* _EXERCISE INSTRUCTIONS_
All pictures are to be dropped, and everything else in the data duplicated exactly.

** GIVEN RECORDS follows **

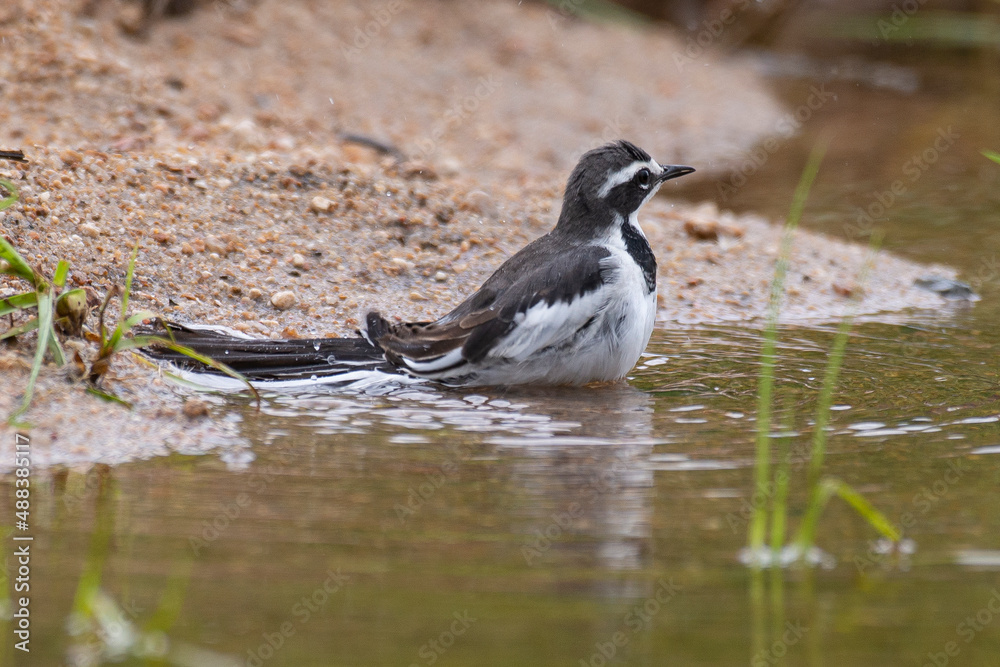 Bergeronnette du Cap,.Motacilla capensis, Cape Wagtail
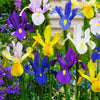 Holländische Iris Mischung 'Dutch Garden' (x50) - Iris hollandica - Blumenzwiebeln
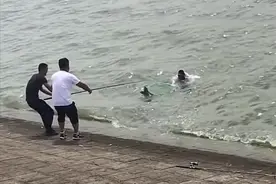 搞笑！云南一男子为抓大鱼掉水里去了，网友：不要命，也得要鱼图片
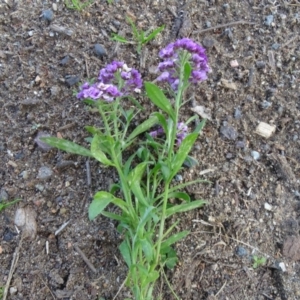 Lobularia maritima at Jerrabomberra, ACT - 19 May 2020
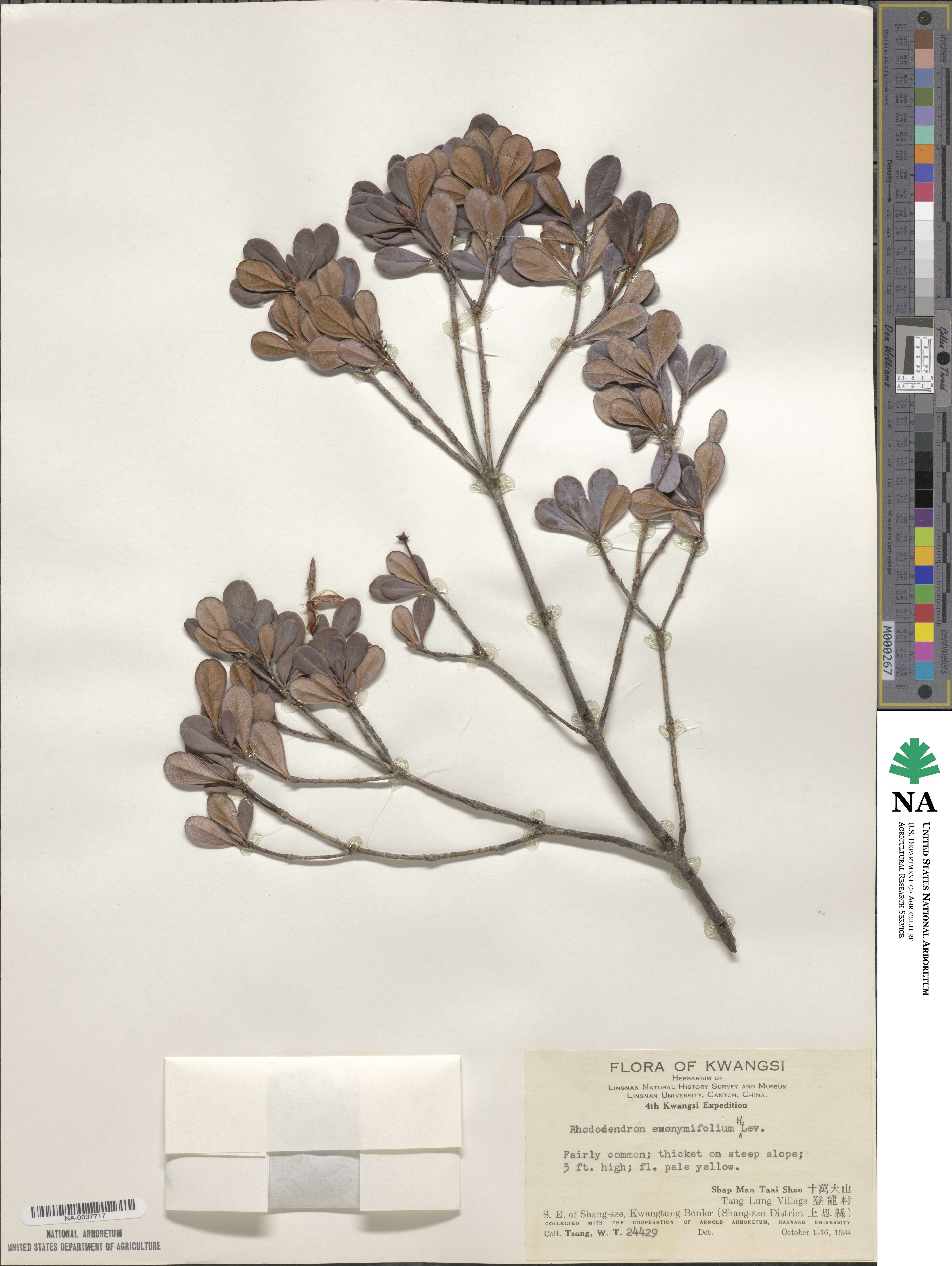 Rhododendron emarginatum image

** End of GIVEN RECORDS **

* _RESULT FOR THIS EXERCISE_
 Bergeronnette du Cap,.Motacilla capensis, Cape Wagtail
 Holländische Iris Mischung 'Dutch Garden' (x50) - Iris hollandica - Blumenzwiebeln
 搞笑！云南一男子为抓大鱼掉水里去了，网友：不要命，也得要鱼图片
 Lobularia maritima at Jerrabomberra, ACT - 19 May 2020
 Rhododendron emarginatum image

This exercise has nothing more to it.